Both the Gund and Heileman families participated in the German institutions of La Crosse, Wisconsin, as well as in the local and regional brewing community. Little information survives about their specific involvement in the secular and religious institutions of La Crosse, but records show that John Gund’s eldest son, George, was a member of the local Turnverein in the 1870s. The physical education society had its origins in the post-Napoleonic German lands and was first introduced unsuccessfully to the United States in the 1820s. German 48rs reintroduced the Turner movement at the end of the 1840s and within a few years, Turner societies had emerged in major American cities with German populations. The La Crosse Turnverein was organized in October 1855 and John Gund granted the group permission to practice in the yard of his small brewery in 1856. They may have continued using the space through 1858, when Gund sold the property following his partnership with Heileman.

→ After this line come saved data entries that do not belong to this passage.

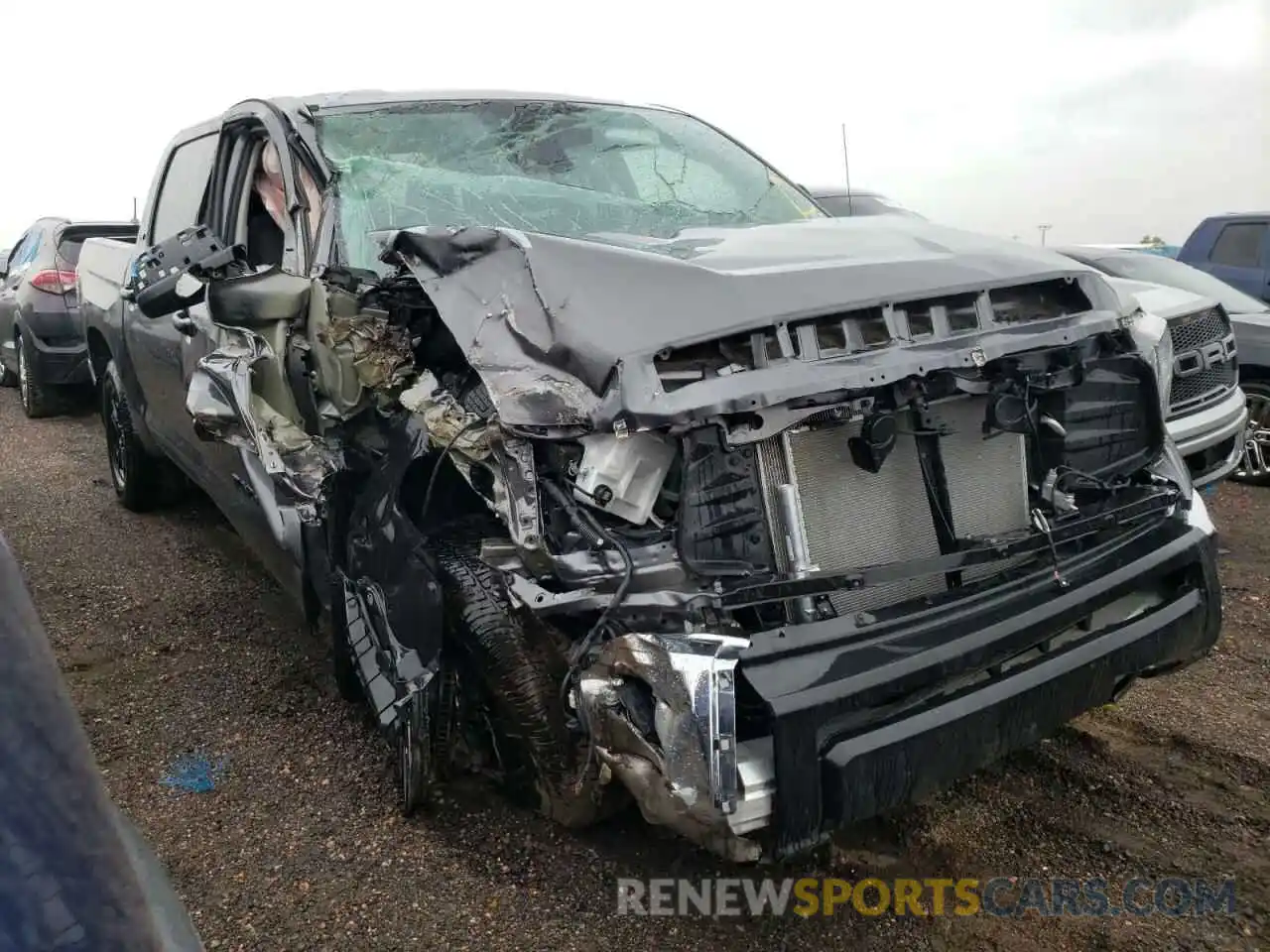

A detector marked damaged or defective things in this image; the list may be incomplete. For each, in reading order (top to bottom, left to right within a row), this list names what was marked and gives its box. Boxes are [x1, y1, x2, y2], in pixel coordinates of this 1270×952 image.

shattered windshield [318, 100, 823, 270]
cracked windshield glass [318, 100, 823, 270]
torn metal panel [185, 329, 337, 500]
crumpled sheet metal [185, 332, 337, 502]
crumpled sheet metal [319, 309, 414, 391]
wrecked gray pickup truck [76, 91, 1218, 863]
crumpled hood [386, 219, 1122, 428]
detached headlight assembly [1127, 309, 1173, 416]
crumpled sheet metal [581, 635, 756, 863]
torn metal panel [581, 635, 756, 863]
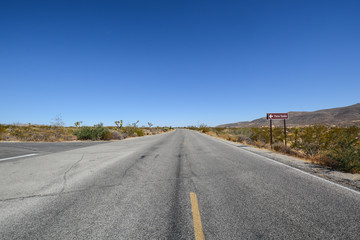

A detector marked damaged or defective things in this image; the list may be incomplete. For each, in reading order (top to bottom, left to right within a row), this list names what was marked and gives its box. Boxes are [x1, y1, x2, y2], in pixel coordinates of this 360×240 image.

cracked asphalt road [0, 130, 360, 239]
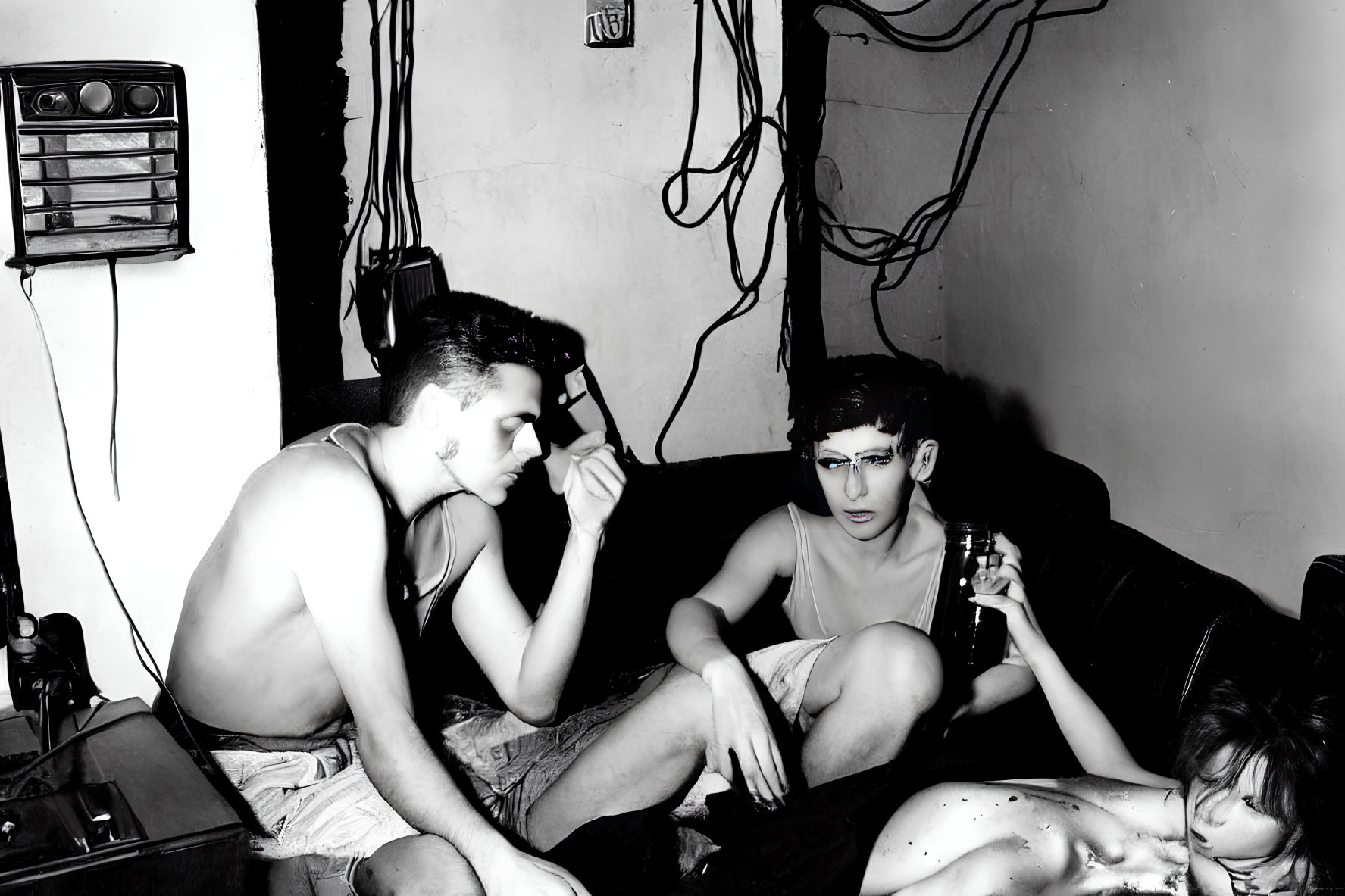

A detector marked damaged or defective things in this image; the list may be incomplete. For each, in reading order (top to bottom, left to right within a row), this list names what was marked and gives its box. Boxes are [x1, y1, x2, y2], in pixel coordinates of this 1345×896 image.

cracked plaster wall [341, 0, 790, 457]
cracked plaster wall [818, 0, 1334, 610]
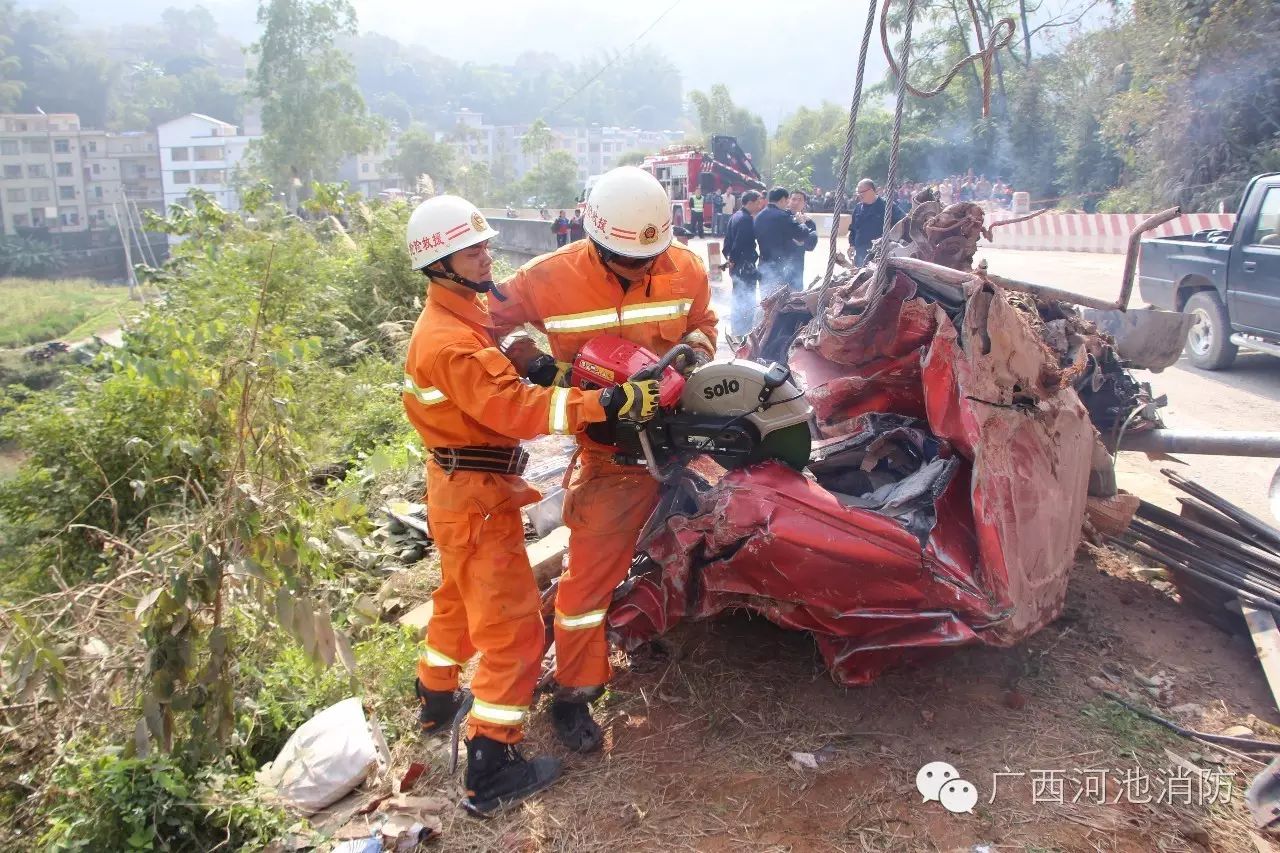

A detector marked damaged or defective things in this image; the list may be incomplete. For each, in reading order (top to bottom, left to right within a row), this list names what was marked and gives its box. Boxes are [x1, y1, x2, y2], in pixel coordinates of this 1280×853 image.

torn red car panel [609, 266, 1100, 686]
crushed red car [604, 245, 1126, 686]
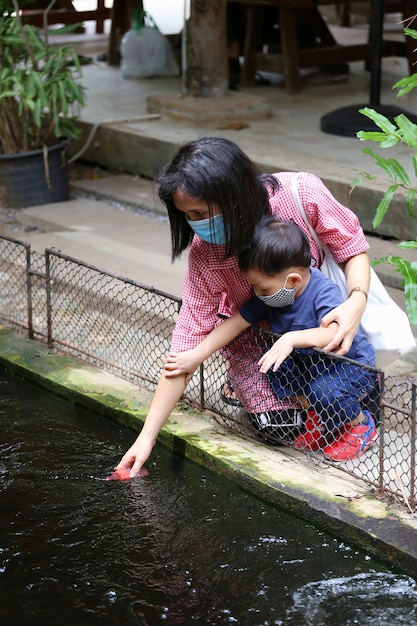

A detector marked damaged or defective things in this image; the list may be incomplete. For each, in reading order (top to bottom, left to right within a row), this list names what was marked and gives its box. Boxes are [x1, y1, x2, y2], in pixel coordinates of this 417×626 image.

rusty metal fence [0, 236, 414, 510]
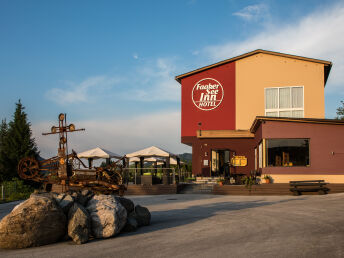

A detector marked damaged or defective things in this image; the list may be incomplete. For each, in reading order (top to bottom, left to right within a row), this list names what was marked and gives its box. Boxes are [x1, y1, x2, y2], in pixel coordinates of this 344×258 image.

rusty iron wheel [18, 157, 39, 179]
rusty farm machine [17, 114, 126, 195]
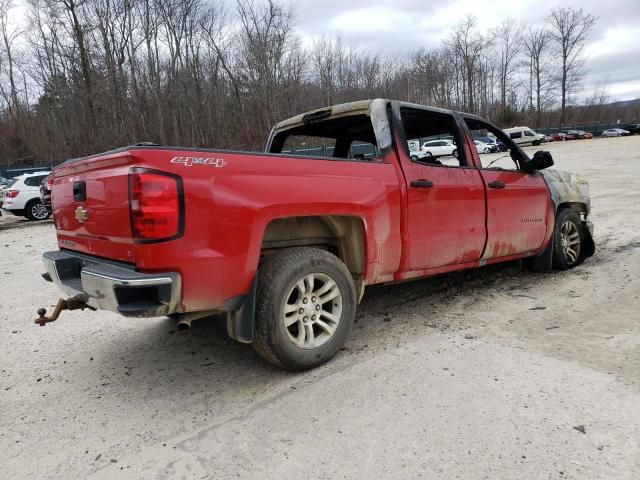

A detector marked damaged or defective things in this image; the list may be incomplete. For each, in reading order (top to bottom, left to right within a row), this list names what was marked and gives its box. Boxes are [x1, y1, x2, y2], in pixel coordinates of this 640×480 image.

damaged pickup truck [37, 99, 592, 370]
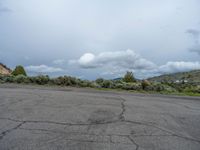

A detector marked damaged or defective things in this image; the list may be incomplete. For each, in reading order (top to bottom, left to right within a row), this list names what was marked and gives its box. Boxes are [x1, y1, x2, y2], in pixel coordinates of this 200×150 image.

cracked asphalt [0, 85, 200, 149]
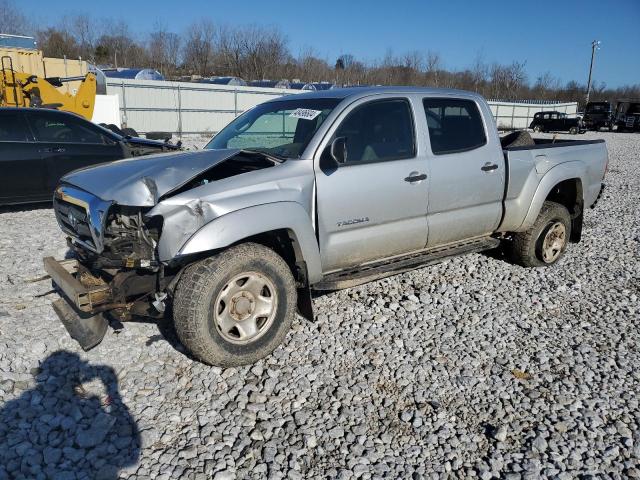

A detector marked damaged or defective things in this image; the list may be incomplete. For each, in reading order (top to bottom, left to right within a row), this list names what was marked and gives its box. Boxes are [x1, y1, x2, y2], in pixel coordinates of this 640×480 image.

crushed hood [61, 148, 241, 204]
damaged toyota tacoma [43, 86, 604, 366]
crumpled front bumper [43, 258, 112, 348]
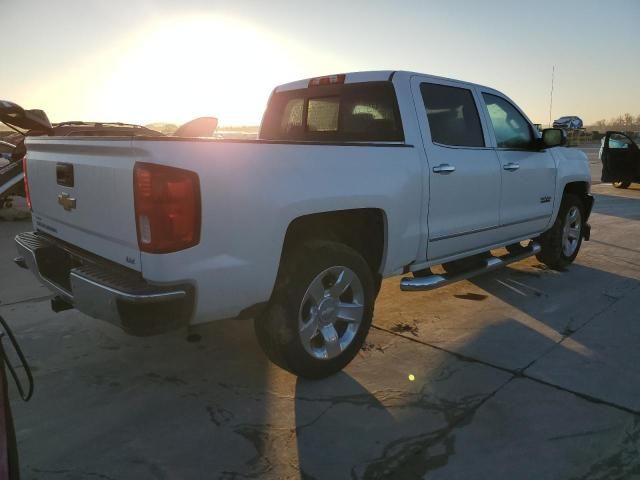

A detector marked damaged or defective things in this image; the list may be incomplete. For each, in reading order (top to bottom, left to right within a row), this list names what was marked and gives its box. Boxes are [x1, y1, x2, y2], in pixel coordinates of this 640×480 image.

cracked pavement [0, 149, 636, 476]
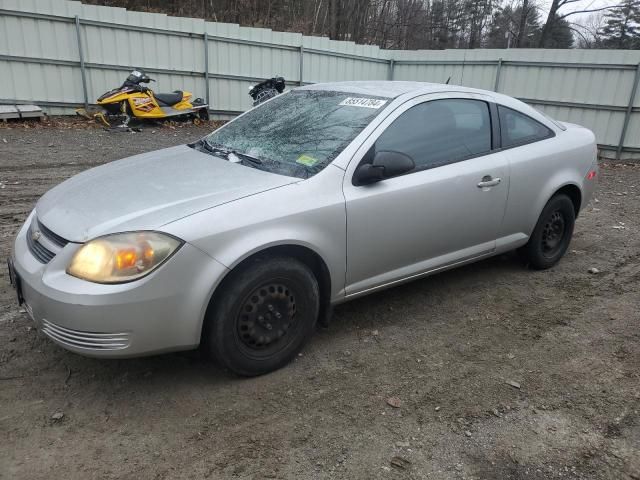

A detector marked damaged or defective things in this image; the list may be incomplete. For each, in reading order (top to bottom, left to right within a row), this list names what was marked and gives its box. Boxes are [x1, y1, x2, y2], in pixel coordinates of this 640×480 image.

cracked windshield [205, 89, 388, 177]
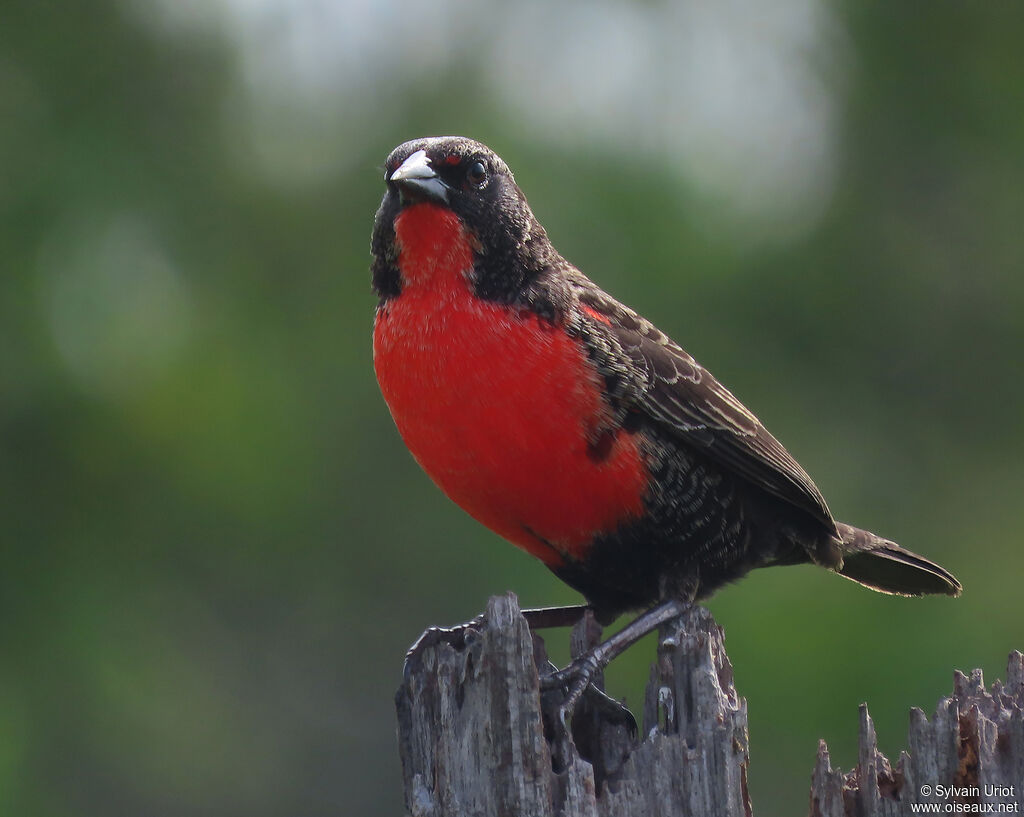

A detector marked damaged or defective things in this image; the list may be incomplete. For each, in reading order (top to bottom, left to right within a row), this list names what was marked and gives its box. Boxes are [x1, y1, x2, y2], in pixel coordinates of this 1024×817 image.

splintered fence post [396, 592, 1020, 816]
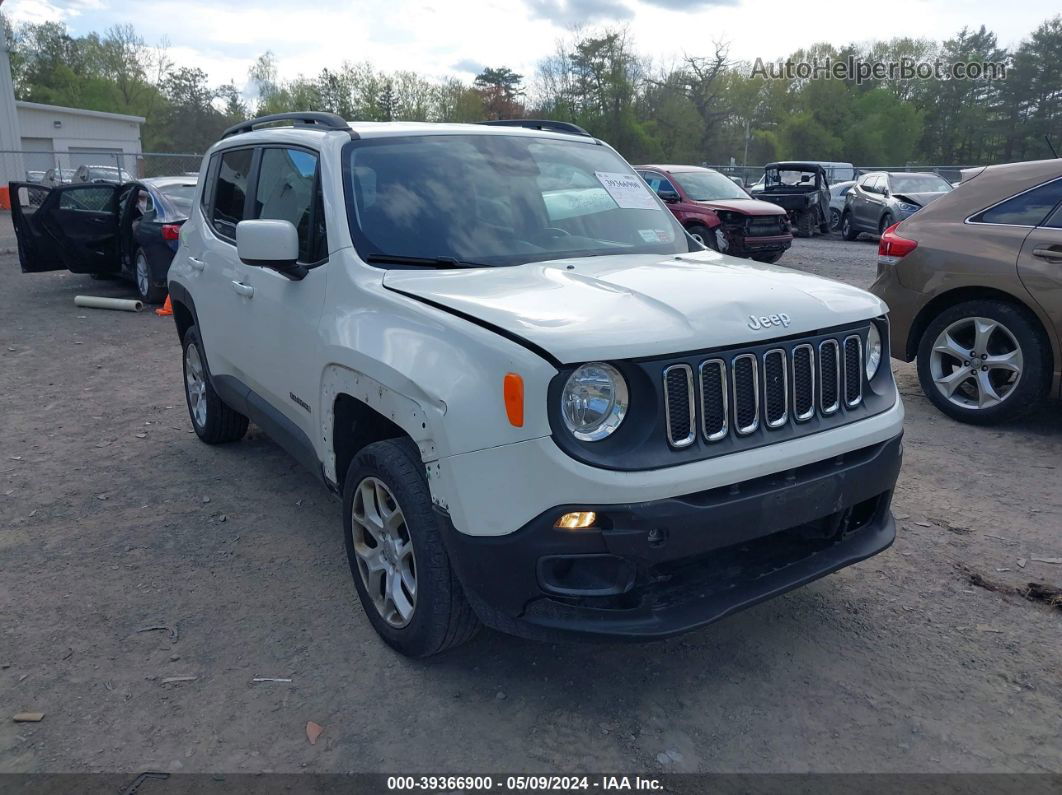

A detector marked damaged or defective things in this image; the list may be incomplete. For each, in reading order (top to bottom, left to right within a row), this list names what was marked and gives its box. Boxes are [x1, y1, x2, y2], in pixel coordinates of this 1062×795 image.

damaged red car [632, 164, 794, 263]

Gund and Heileman were members of the Lutheran Church and Heileman’s 1878 funeral at the local Lutheran church in La Crosse was considered to be one of the largest funerals in the history of the city to that date. More than 160 carriages belonging to mourners participated in the funeral procession from the church to the nearby Oak Grove Cemetery. Six prominent brewers in the community served as Heileman’s pallbearers, however, John Gund was not among them. This may have reflected lingering animosity between the former partners. When Gund died in 1910, members of the local Liederkranz Society, which was affiliated with the Turnverein as part of the local Deutscher Verein von La Crosse, attended his funeral along with members of the Brewer’s Union.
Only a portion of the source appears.